If you’re going to buy bitcoin
for heaven’s sake do it in your individual retirement account.

I’m not saying you should or shouldn’t buy the digital virtual currency, which is booming once again. I’m just saying, if you do decide to buy it, as an investment or a trade, do it in your IRA or some other tax-sheltered account. (A growing number of these let you own bitcoin).

That way you can ride the latest mania, maybe make a quick profit—and not have to pay any tax when you cash out.

The IRS treats bitcoin as “property,” meaning any gains you make outside of a sheltered account will count as ordinary income.

Bitcoin has risen 70% since the start of October and is nearly at record highs. It’s more than doubled in price in a year. Ah yes, the boom times are back. The bitcoin fanatics are reappearing after their three year hibernation. Cryptocurrency “experts” will soon be cropping up on cable TV, if they aren’t already.

Traders riding this high risk bandwagon are making out like bandits…for now, anyway.

And then there’s Thanksgiving.

It was Thanksgiving three years ago that sent the cryptocurrency mania into orbit. Relatives who’d made money from bitcoin passed on the news to other relatives over the turkey, and explained what bitcoin was and how it worked. The other relatives went home and joined in. Bingo.

Bitcoin tripled in about a month.

Could it happen again this time around? Sure. Why not? Nobody knows.

You could make a quick profit. There again, you could make a quick loss.

But if you want to play and keep down your risks, just play with the house’s money.

It’s an old Wall Street trader’s trick, explained to me by an investment analyst years ago early in the dot-com bubble.

Start by buying, say, $1,000 worth of bitcoin (or $100, or $100,000, or whatever suits your budget). If it rises, and you start to show a profit, buy a bit more. Each time it rises, and your profit grows, buy a bit more…and a bit more…

But do not buy if it starts falling. And cash out if it falls to a trigger point you set in advance, such as 20% from the peak price. Be willing to take a loss and walk away.

Ride the train while it keeps going. Just remember to get off before it hurtles over the cliff.

The disastrous end of the last crypto bubble was signaled quite clearly in advance: A front-page article in the New York Times Style section cheering on the bubble, entitled, “Everyone Is Getting Hilariously Rich And You’re Not.”

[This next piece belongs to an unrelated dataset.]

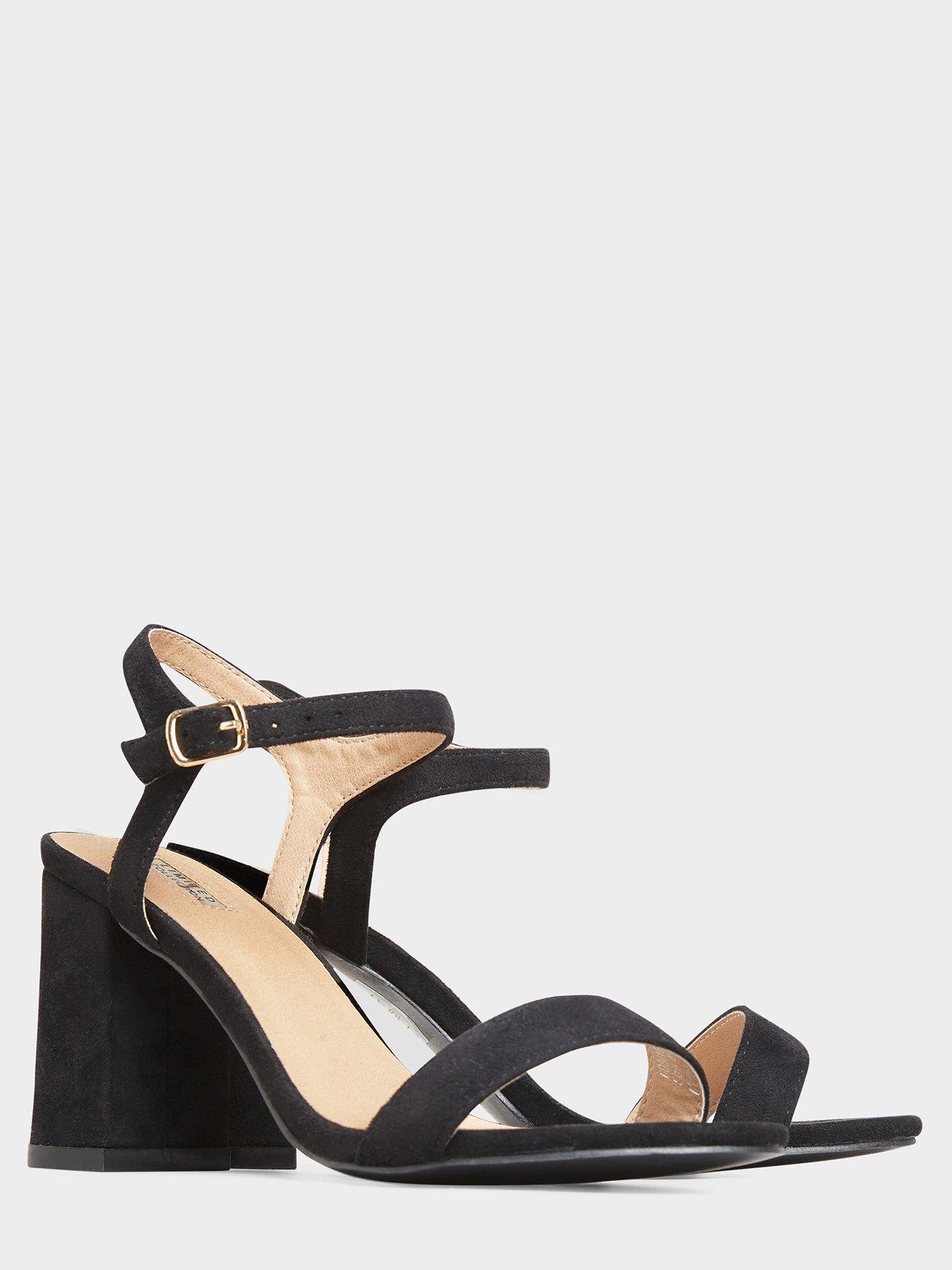 Black square hot sale heel sandals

That was the peak of the market. Bitcoin then plunged 80%. Other cryptocurrencies collapsed even more.

You can set your watch by these things.

Bitcoin has been around for over a decade now. Technologists and fanboys say that the software and design behind it is quite brilliant.

But of course that has nothing to do with investing.

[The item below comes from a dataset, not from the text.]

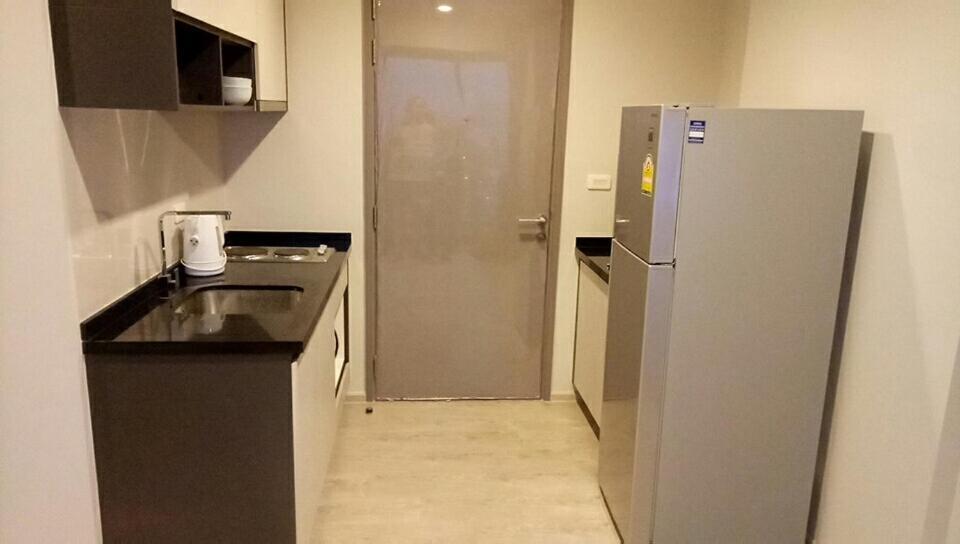 The Base Pattaya By Feng Apartment Exterior photo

Bitcoin is a largely useless asset. I am still waiting for a single bitcoin fan or expert to explain to me what bitcoins are really useful for, other than money laundering. I already have my pick of other, legal currencies and gold. It’s quick and easy these days to transfer money online.  

Some suggest bitcoin could provide cheap banking services for the poor and “unbanked” around the world. Goat herders in Turkmenistan will keep their money in cryptocurrencies and manage it on their smartphones.

I will believe it when I see it.

I asked a crypto fanboy the other day what the legal utility of bitcoin was. “Attestation,” he replied. I asked him to explain what he meant, and he sent me a link to an online dictionary.

Attestation: “A proof of concept.” OK. Big deal. Why would that make it valuable?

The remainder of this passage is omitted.